Dari percobaan di atas diketahui bahwa efisiensi air tanaman terong di rumah kaca lebih kecil dibandingkan dengan efisiensi air tanaman terong di luar. Efisiensi air tanaman terong di rumah kaca sebesar 0,000217, sedangkan di luar sebesar 0,00086. Dapat disimpulkan bahwa kebutuhan air bagi tanaman sangat penting agar tanaman dapat terus hidup.

KESIMPULAN

 Kesimpulan yang diperoleh pada percobaan ini adalah:

  1. Jumlah air yang hilang karena evaporasi di dalam ruangan sebanyak 64,21 yang mana lebih tinggi dari evaporasi luar ruangan sebanyak 15,16. Dan jumlah air yang hilang karena transpirasi di dalam ruangan sebanyak 15,61 yng mana lebih rendah dari transpirasi luar ruangan sebanyak 31,11
  2. Jumlah air yang dibutuhkan merupakan total dari evaporasi dan transpirasi. Menurut percobaan ini apabila di dalam ruangan adalah sebanyak 79,82 dan apabila di luar ruangan sebanyak 86,88.
  3. Nilai Water Use Efficiency (WUE) di rumah kaca kaca lebih kecil dibandingkan dengan efisiensi air tanaman terong di luar. Efisiensi air tanaman terong di rumah kaca sebesar 0,000217, sedangkan di luar sebesar 0,00086.

DAFTAR PUSTAKA

Atusi. 2012. Kebutuhan Air Tanaman. <http://www.agritusi.com/archives/171>. Diakses pada 9 Mei 2013.

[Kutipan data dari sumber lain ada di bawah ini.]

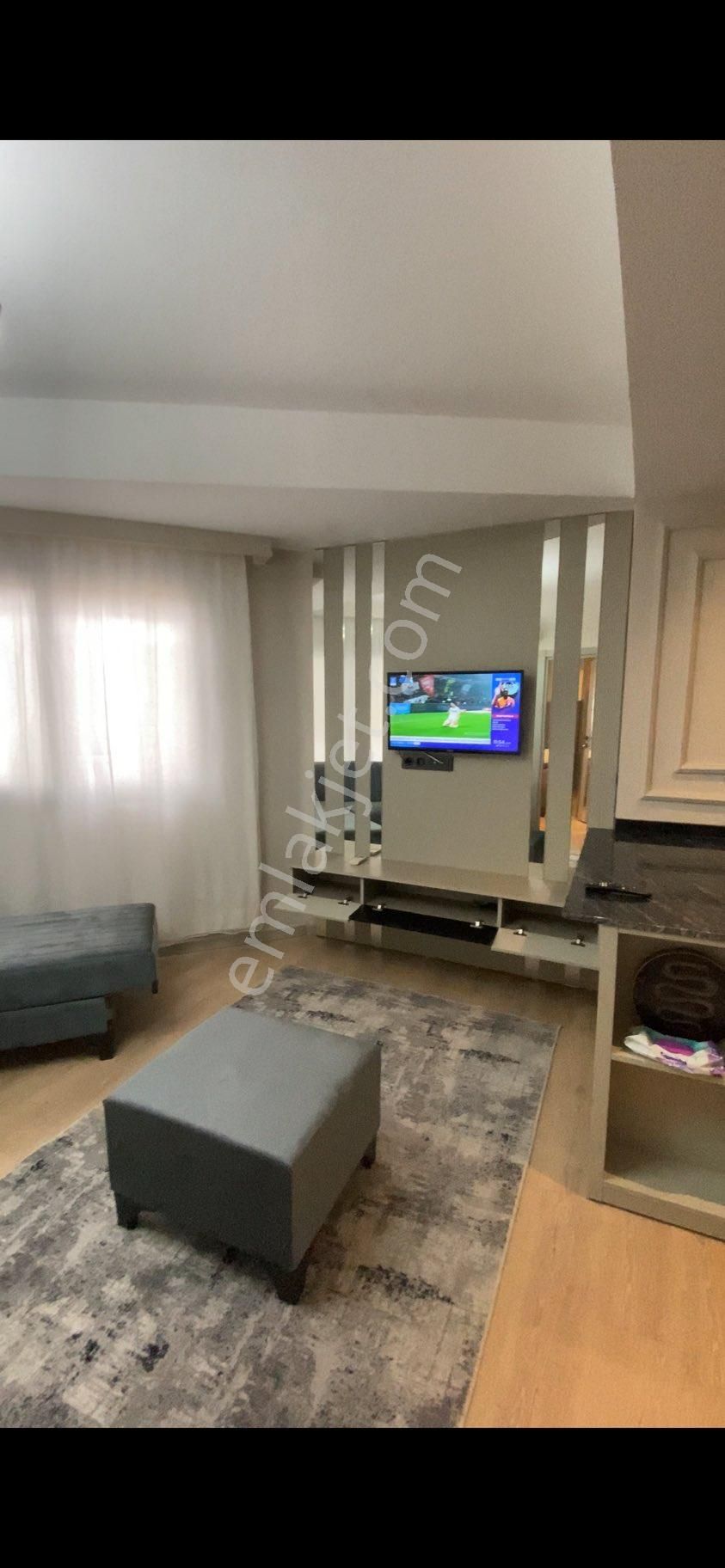 🔥 Acil! Full Eşyalı Lüks 1+1 - Merkezi Konum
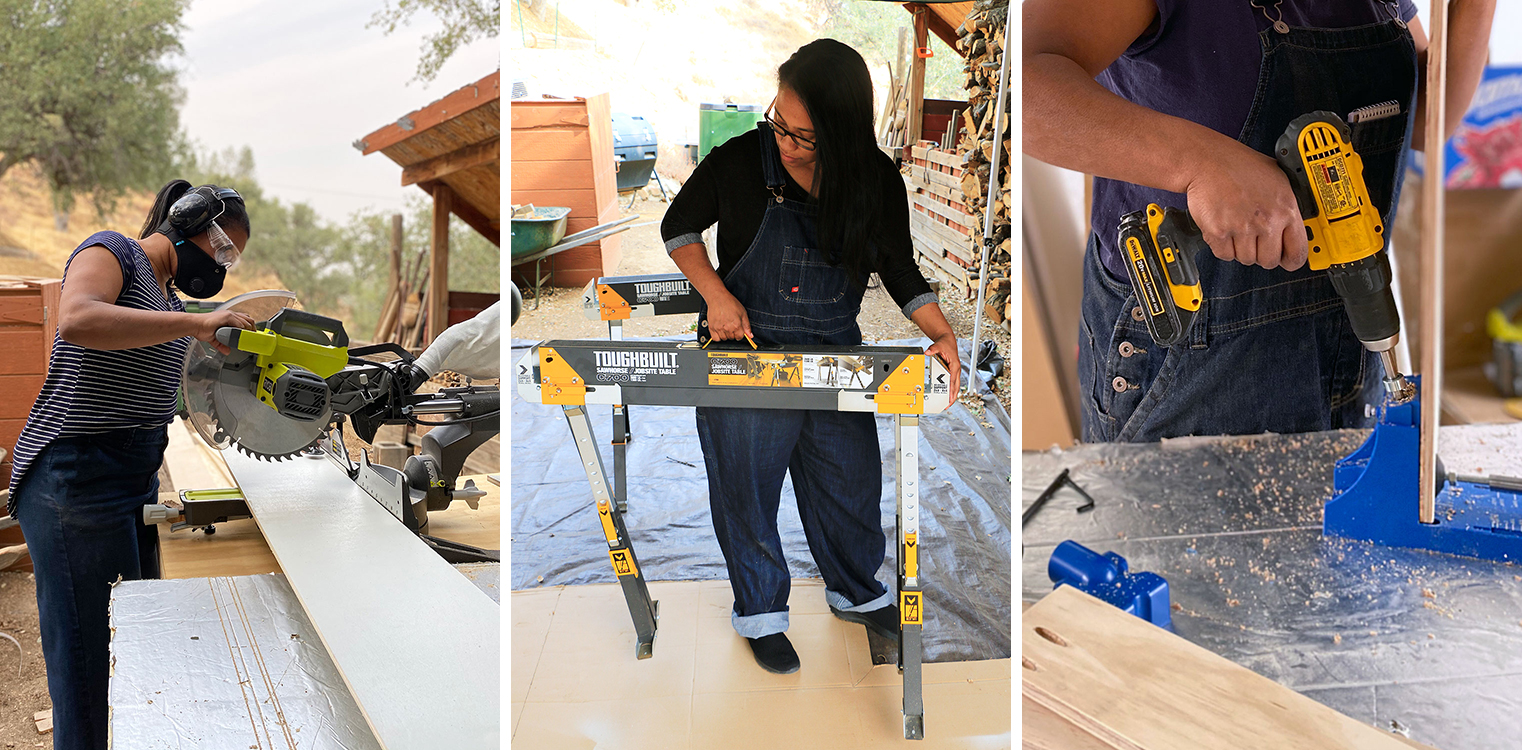 building tools and supplies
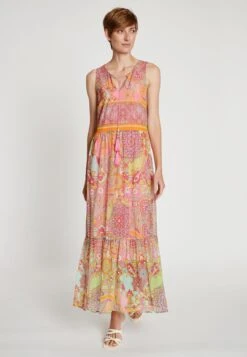 Ana Alcazar Maxi Jurk Lismy -JurkChic Verkoop ana alcazar 049795 33913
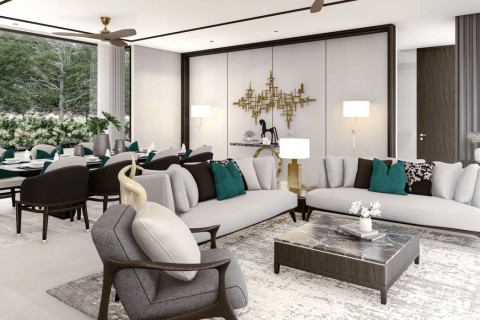 Вилла с бассейном в The Ozone Grand Residence, Пхукет, Таиланд, 329 м2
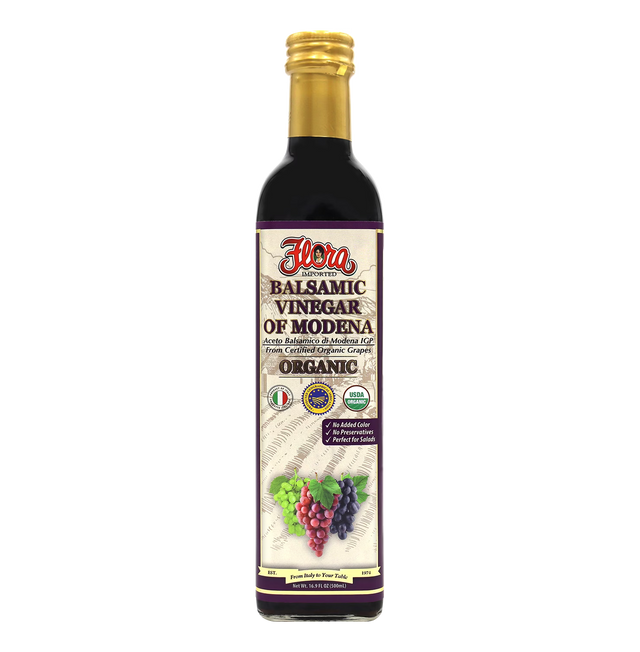 Organic Balsamic Vinegar Of Modena - 16.9oz image 0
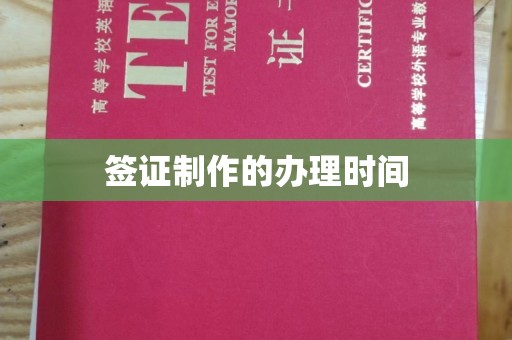 藤县签证制作的办理时间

Djufry, E. 2006. Respon Tanaman Jarak (Richinus communis L.) pada kondisi cekaman air. Jurnal Agrivigor 5: 98-107.

Ehlers, Wilfred, dan Goss, M. 2003. Water Dynamies Production. CABI Publishing, USA.

Susilowarno, dkk. 2007. Biologi. Grasindo, Jakarta.

Wullschleger, S.D., dan Hanson P.J. 2006. Sensitivity of canopy transpiration to altered precipitation in an upland oak forest : eviolence fom a long-term field manipulation study. Global change biologi 12 : 97-109.